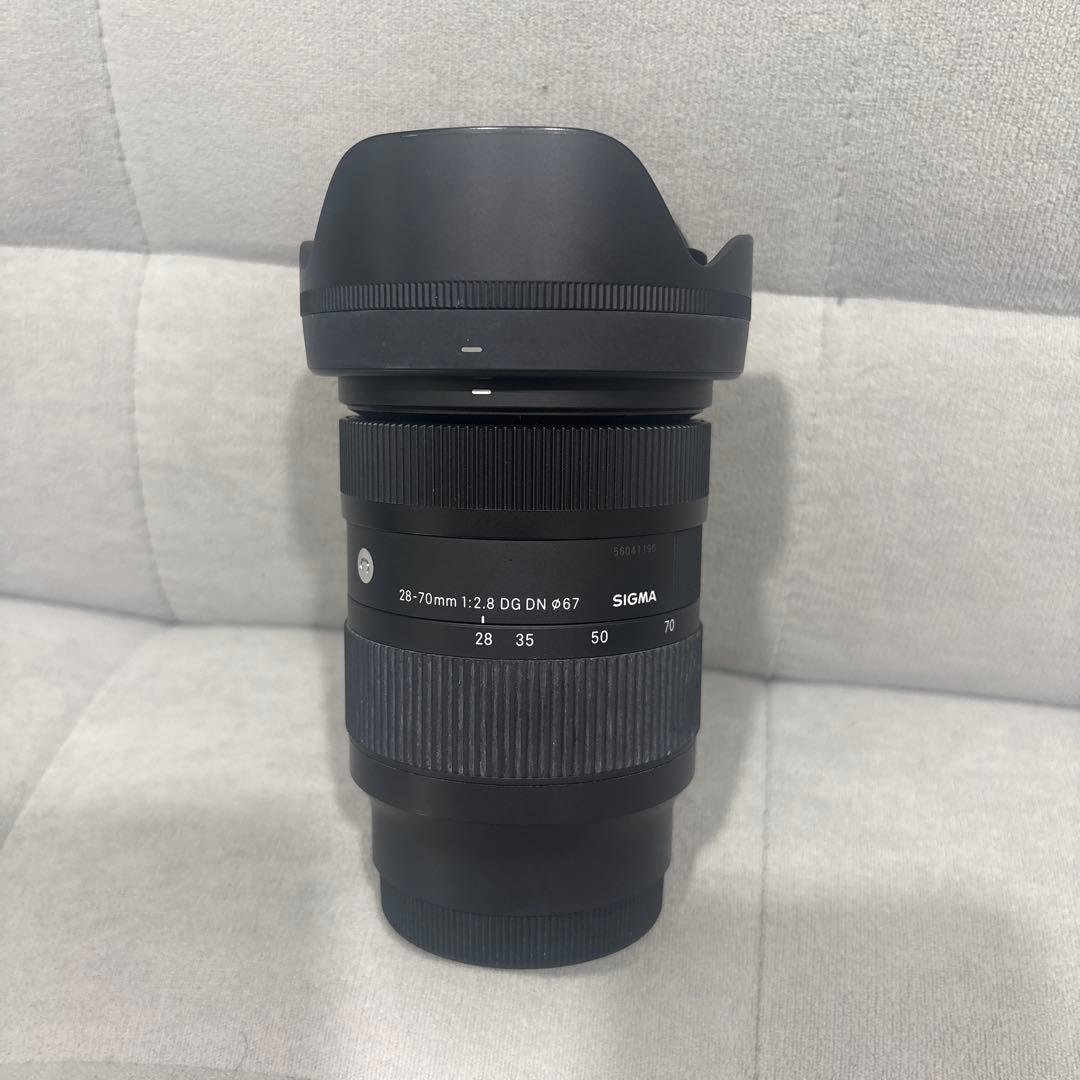SIGMA CONTEMPORARY 28–70mm F2.8 DG DN 新品)SIGMA (シグマ) Contemporary 28-70mm F2.8 DG DN (ソニーE用
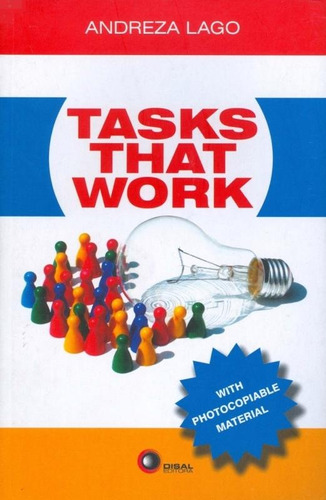 Tasks that work, de Lago, Andreza. Bantim Canato E Guazzelli Editora Ltda, capa mole em inglês, 2007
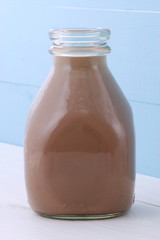 chocolate milk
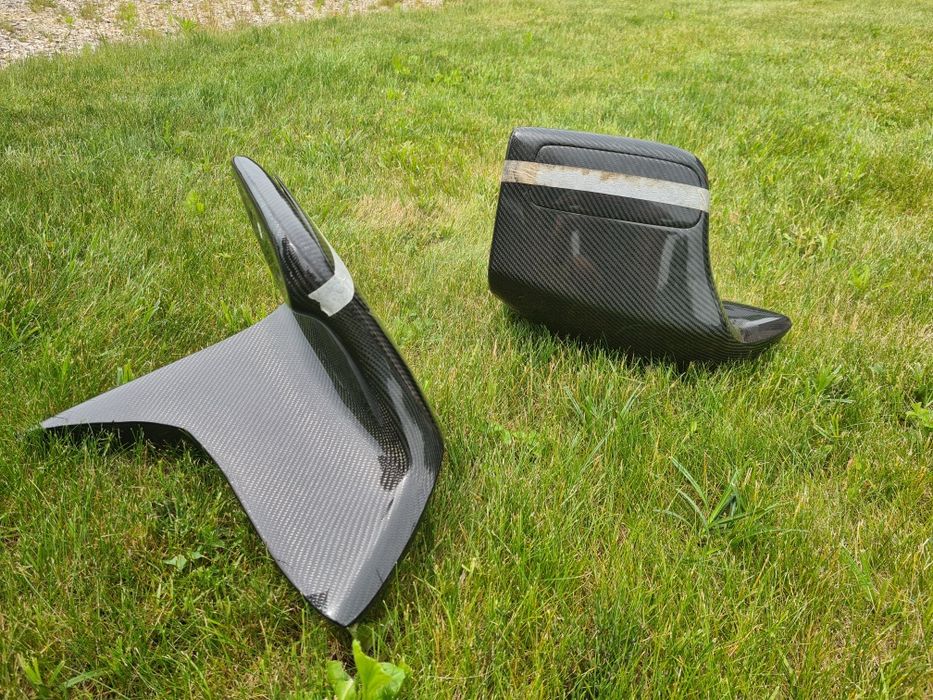 Spoiler Full carbon Toyota Supra A90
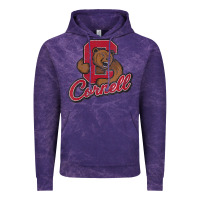 Cloud Purple cornell Vintage Hoodie - DesignPulse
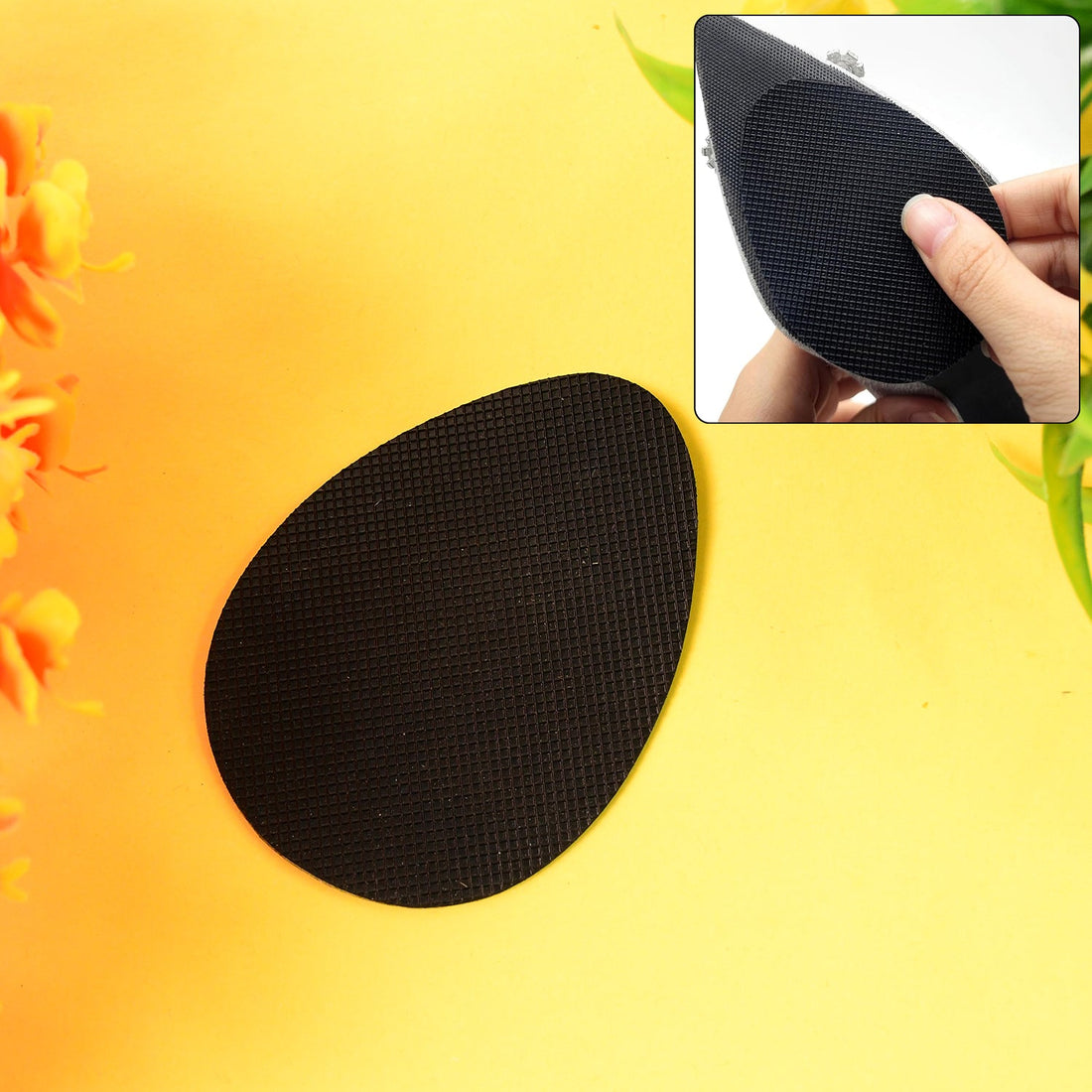 Self Adhesive Anti Slip Grip Sticker For Shoes, Sandals, Heels (1 Pc)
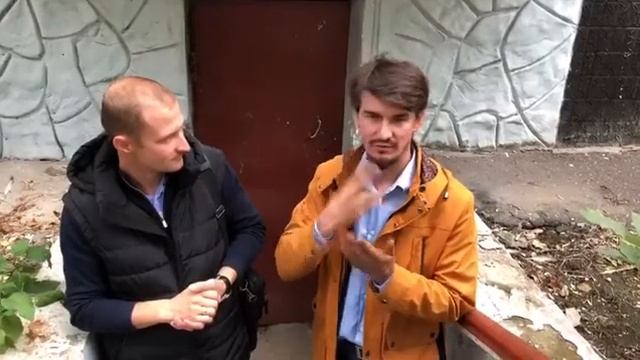 Руководство МОРО ВОГ не смогло попасть в помещение Серпуховского МО ВОГ смотреть онлайн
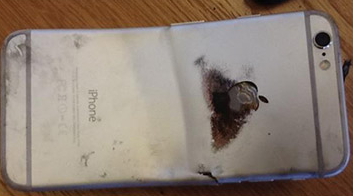 الجبيل: انفجار جوال في جيب طفل يتسبب له في حروق (صور)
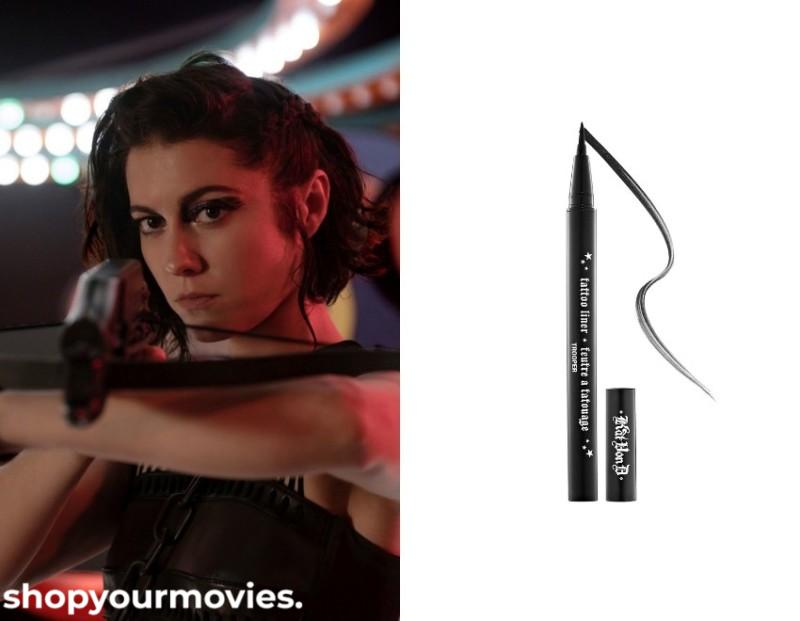 Birds of Prey: Helena’s Eyeliner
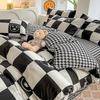 Love Heart Bedding Set Comforter Cover Sets Duvet Cover Set Home Sheet Pillowcase Soft No Filling Bed Linen Twin Full Queen Size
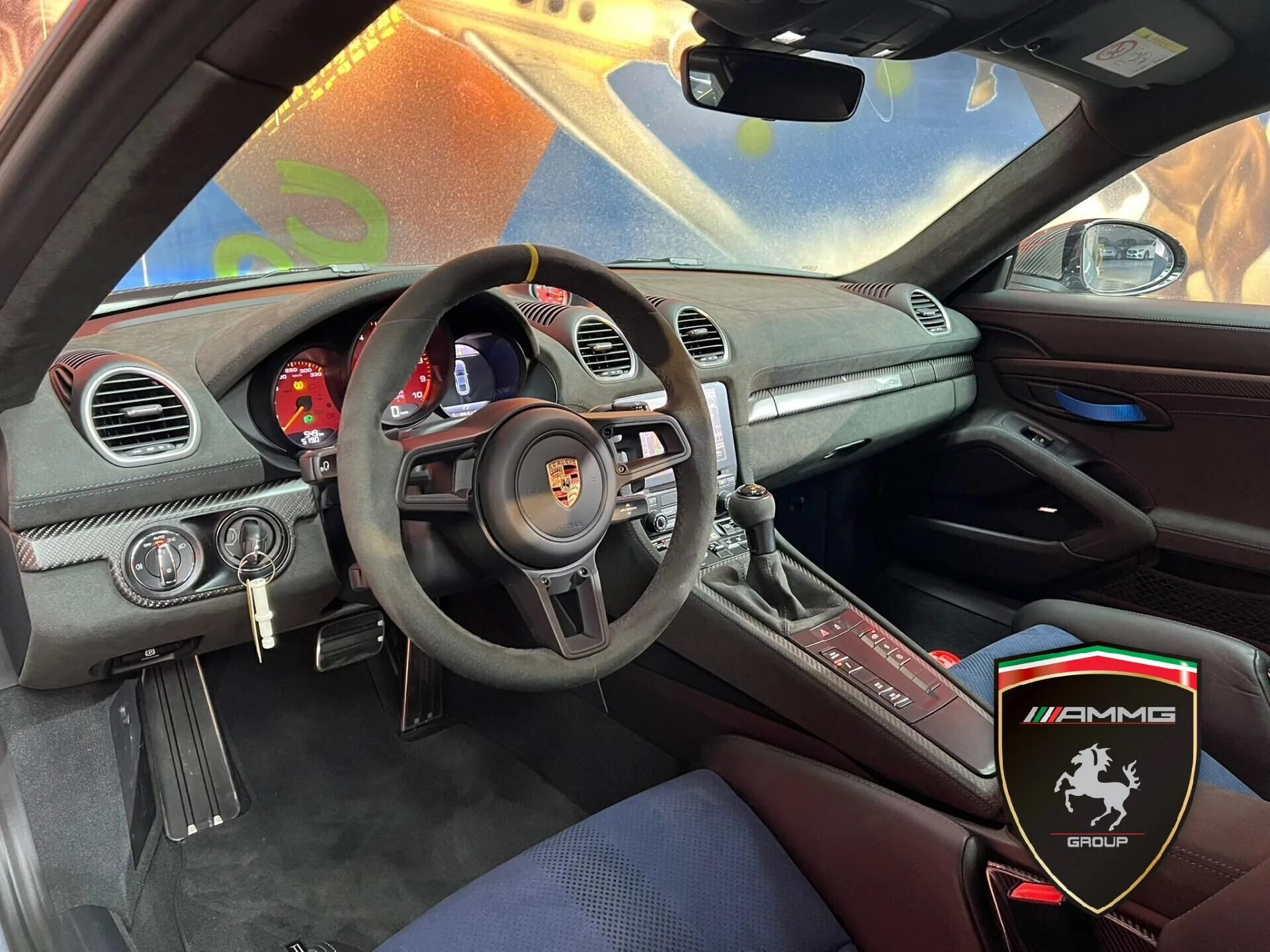 2023 Porsche 718 Cayman GT4 RS Weissach, 9/14
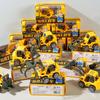 Boxed Pull-Back Construction Vehicle Boys Toys June 1 Children'S Day Prizes Kindergarten Gifts Small Toys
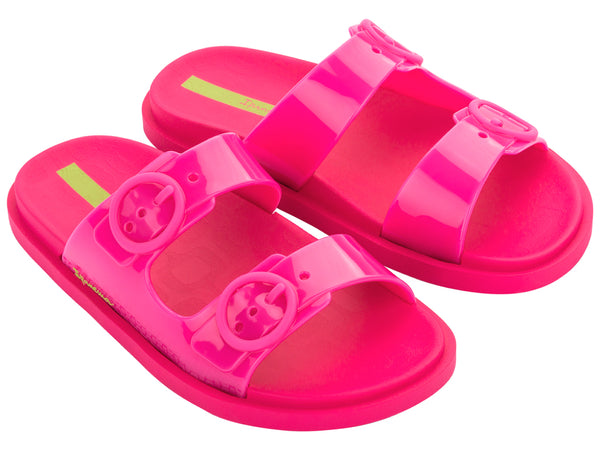 IPANEMA SANDALIA HEBILLA SLIDE FUCSIA NIÑA 81689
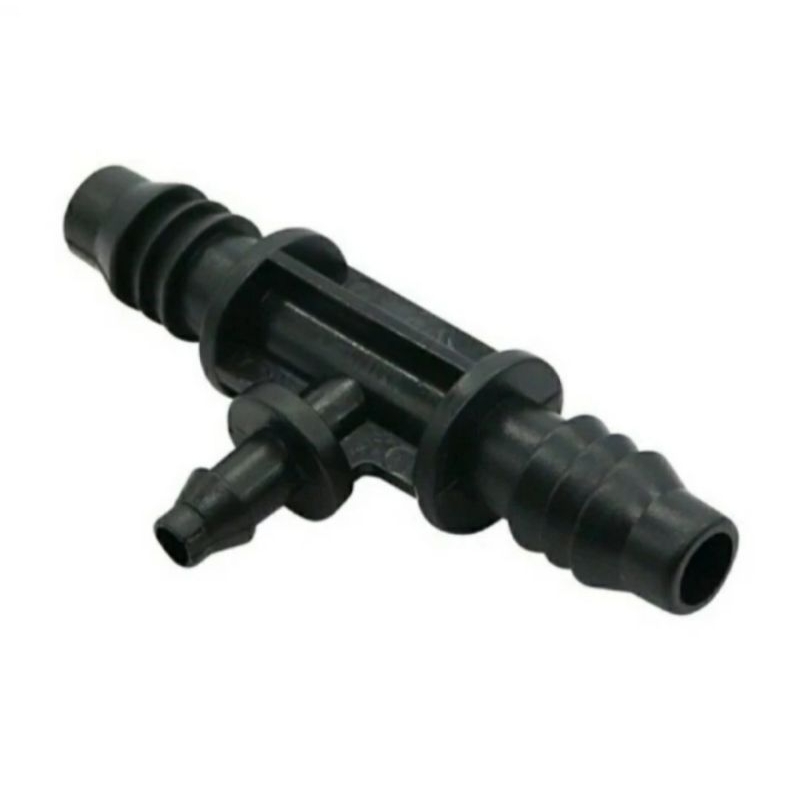 Konektor Tee Uniring 10 x16 mm Konektor Aerator T Selang Uniring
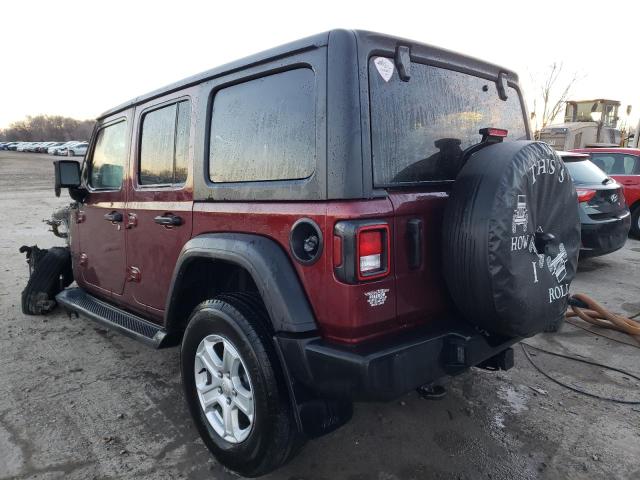 Photo 1 VIN: 1C4HJXDN2NW149724 - JEEP WRANGLER 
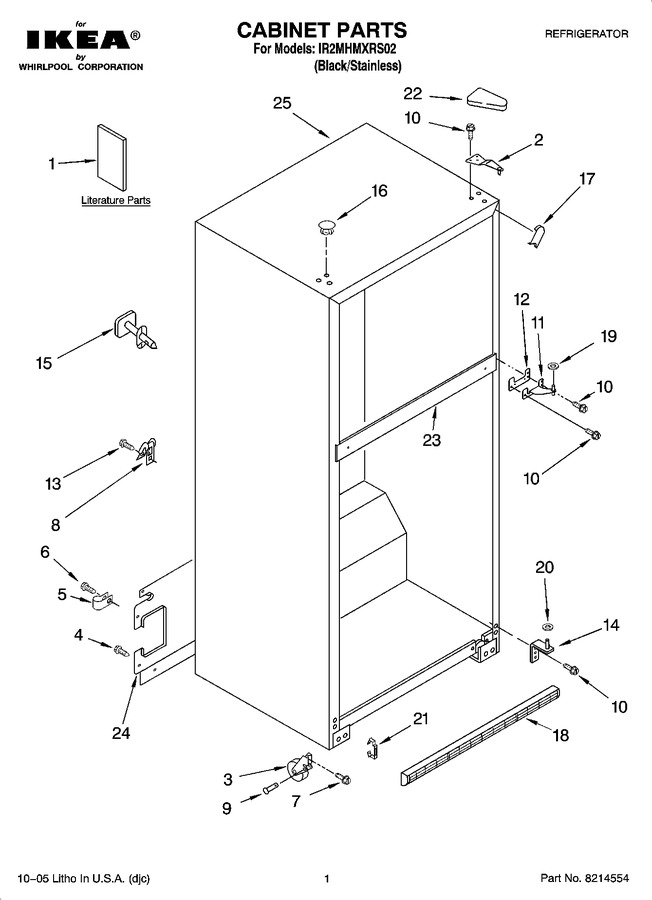 Diagram for IR2MHMXRS02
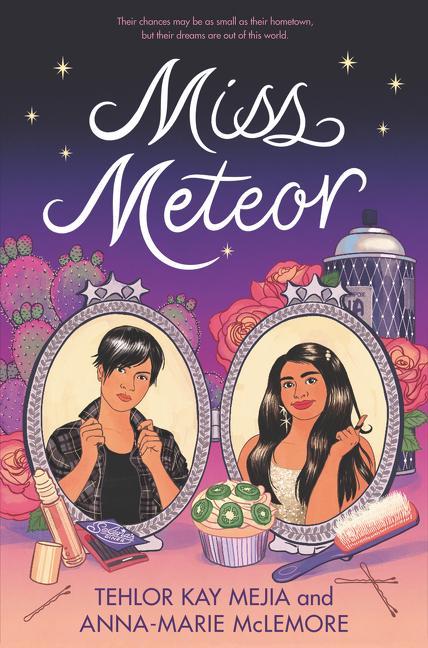 Kniha Miss Meteor Anna-Marie McLemore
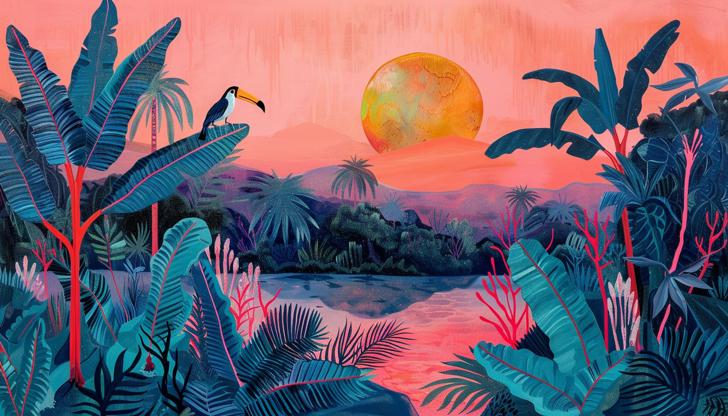 Peach Dreams Wallpaper Collection | Jungle Rumble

:: Task goal ::
Copy every record exactly as it appears, apart from any pictures.

:: Answer to this exercise ::
SIGMA CONTEMPORARY 28–70mm F2.8 DG DN 新品)SIGMA (シグマ) Contemporary 28-70mm F2.8 DG DN (ソニーE用
 Tasks that work, de Lago, Andreza. Bantim Canato E Guazzelli Editora Ltda, capa mole em inglês, 2007
 chocolate milk
 Spoiler Full carbon Toyota Supra A90
 Cloud Purple cornell Vintage Hoodie - DesignPulse
 Self Adhesive Anti Slip Grip Sticker For Shoes, Sandals, Heels (1 Pc)
 Руководство МОРО ВОГ не смогло попасть в помещение Серпуховского МО ВОГ смотреть онлайн
 الجبيل: انفجار جوال في جيب طفل يتسبب له في حروق (صور)
 Birds of Prey: Helena’s Eyeliner
 Love Heart Bedding Set Comforter Cover Sets Duvet Cover Set Home Sheet Pillowcase Soft No Filling Bed Linen Twin Full Queen Size
 2023 Porsche 718 Cayman GT4 RS Weissach, 9/14
 Boxed Pull-Back Construction Vehicle Boys Toys June 1 Children'S Day Prizes Kindergarten Gifts Small Toys
 IPANEMA SANDALIA HEBILLA SLIDE FUCSIA NIÑA 81689
 Konektor Tee Uniring 10 x16 mm Konektor Aerator T Selang Uniring
 Photo 1 VIN: 1C4HJXDN2NW149724 - JEEP WRANGLER 
 Diagram for IR2MHMXRS02
 Kniha Miss Meteor Anna-Marie McLemore
 Peach Dreams Wallpaper Collection | Jungle Rumble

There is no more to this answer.